## The problem
Print out the records below with nothing altered.

Top of Data for analysis

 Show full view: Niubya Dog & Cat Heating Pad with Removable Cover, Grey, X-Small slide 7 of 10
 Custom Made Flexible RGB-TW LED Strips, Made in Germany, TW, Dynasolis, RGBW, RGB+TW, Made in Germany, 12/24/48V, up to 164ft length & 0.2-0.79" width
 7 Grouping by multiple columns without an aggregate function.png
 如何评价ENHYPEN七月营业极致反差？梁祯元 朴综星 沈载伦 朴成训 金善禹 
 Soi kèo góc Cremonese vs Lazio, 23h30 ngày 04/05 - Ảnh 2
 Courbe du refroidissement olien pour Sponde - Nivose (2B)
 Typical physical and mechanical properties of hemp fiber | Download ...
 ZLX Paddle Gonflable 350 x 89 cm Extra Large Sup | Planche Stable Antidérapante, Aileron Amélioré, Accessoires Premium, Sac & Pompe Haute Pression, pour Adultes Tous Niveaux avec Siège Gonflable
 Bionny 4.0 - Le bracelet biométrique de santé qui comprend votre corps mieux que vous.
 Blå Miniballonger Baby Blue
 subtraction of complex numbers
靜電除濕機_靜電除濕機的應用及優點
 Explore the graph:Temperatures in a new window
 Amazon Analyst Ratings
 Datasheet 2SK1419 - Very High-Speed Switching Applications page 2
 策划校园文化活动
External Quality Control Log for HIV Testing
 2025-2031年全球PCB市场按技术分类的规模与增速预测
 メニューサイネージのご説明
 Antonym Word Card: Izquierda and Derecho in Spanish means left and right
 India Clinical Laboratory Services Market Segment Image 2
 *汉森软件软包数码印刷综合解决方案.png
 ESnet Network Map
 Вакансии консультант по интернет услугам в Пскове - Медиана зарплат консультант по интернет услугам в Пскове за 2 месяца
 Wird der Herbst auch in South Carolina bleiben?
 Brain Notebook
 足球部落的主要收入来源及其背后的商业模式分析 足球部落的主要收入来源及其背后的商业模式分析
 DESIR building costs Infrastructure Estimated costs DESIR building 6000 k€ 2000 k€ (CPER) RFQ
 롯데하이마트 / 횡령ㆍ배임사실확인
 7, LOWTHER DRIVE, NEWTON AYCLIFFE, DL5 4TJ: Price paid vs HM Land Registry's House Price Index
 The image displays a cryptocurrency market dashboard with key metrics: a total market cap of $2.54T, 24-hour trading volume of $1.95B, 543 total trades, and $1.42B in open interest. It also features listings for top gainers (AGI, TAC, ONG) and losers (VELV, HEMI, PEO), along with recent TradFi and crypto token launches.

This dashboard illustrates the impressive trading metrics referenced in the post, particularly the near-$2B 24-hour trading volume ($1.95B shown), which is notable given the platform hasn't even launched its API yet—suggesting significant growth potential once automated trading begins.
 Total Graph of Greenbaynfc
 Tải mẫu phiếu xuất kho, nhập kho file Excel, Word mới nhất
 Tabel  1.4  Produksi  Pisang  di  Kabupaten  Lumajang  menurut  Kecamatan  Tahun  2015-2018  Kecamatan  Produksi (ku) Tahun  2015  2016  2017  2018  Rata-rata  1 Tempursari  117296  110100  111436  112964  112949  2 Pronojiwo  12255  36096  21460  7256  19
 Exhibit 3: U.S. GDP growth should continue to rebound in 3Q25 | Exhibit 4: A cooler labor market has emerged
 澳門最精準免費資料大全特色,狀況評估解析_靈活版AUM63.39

Bottom of Data for analysis

## Result of the task
 Show full view: Niubya Dog & Cat Heating Pad with Removable Cover, Grey, X-Small slide 7 of 10
 Custom Made Flexible RGB-TW LED Strips, Made in Germany, TW, Dynasolis, RGBW, RGB+TW, Made in Germany, 12/24/48V, up to 164ft length & 0.2-0.79" width
 7 Grouping by multiple columns without an aggregate function.png
 如何评价ENHYPEN七月营业极致反差？梁祯元 朴综星 沈载伦 朴成训 金善禹 
 Soi kèo góc Cremonese vs Lazio, 23h30 ngày 04/05 - Ảnh 2
 Courbe du refroidissement olien pour Sponde - Nivose (2B)
 Typical physical and mechanical properties of hemp fiber | Download ...
 ZLX Paddle Gonflable 350 x 89 cm Extra Large Sup | Planche Stable Antidérapante, Aileron Amélioré, Accessoires Premium, Sac & Pompe Haute Pression, pour Adultes Tous Niveaux avec Siège Gonflable
 Bionny 4.0 - Le bracelet biométrique de santé qui comprend votre corps mieux que vous.
 Blå Miniballonger Baby Blue
 subtraction of complex numbers
靜電除濕機_靜電除濕機的應用及優點
 Explore the graph:Temperatures in a new window
 Amazon Analyst Ratings
 Datasheet 2SK1419 - Very High-Speed Switching Applications page 2
 策划校园文化活动
External Quality Control Log for HIV Testing
 2025-2031年全球PCB市场按技术分类的规模与增速预测
 メニューサイネージのご説明
 Antonym Word Card: Izquierda and Derecho in Spanish means left and right
 India Clinical Laboratory Services Market Segment Image 2
 *汉森软件软包数码印刷综合解决方案.png
 ESnet Network Map
 Вакансии консультант по интернет услугам в Пскове - Медиана зарплат консультант по интернет услугам в Пскове за 2 месяца
 Wird der Herbst auch in South Carolina bleiben?
 Brain Notebook
 足球部落的主要收入来源及其背后的商业模式分析 足球部落的主要收入来源及其背后的商业模式分析
 DESIR building costs Infrastructure Estimated costs DESIR building 6000 k€ 2000 k€ (CPER) RFQ
 롯데하이마트 / 횡령ㆍ배임사실확인
 7, LOWTHER DRIVE, NEWTON AYCLIFFE, DL5 4TJ: Price paid vs HM Land Registry's House Price Index
 The image displays a cryptocurrency market dashboard with key metrics: a total market cap of $2.54T, 24-hour trading volume of $1.95B, 543 total trades, and $1.42B in open interest. It also features listings for top gainers (AGI, TAC, ONG) and losers (VELV, HEMI, PEO), along with recent TradFi and crypto token launches.

This dashboard illustrates the impressive trading metrics referenced in the post, particularly the near-$2B 24-hour trading volume ($1.95B shown), which is notable given the platform hasn't even launched its API yet—suggesting significant growth potential once automated trading begins.
 Total Graph of Greenbaynfc
 Tải mẫu phiếu xuất kho, nhập kho file Excel, Word mới nhất
 Tabel  1.4  Produksi  Pisang  di  Kabupaten  Lumajang  menurut  Kecamatan  Tahun  2015-2018  Kecamatan  Produksi (ku) Tahun  2015  2016  2017  2018  Rata-rata  1 Tempursari  117296  110100  111436  112964  112949  2 Pronojiwo  12255  36096  21460  7256  19
 Exhibit 3: U.S. GDP growth should continue to rebound in 3Q25 | Exhibit 4: A cooler labor market has emerged
 澳門最精準免費資料大全特色,狀況評估解析_靈活版AUM63.39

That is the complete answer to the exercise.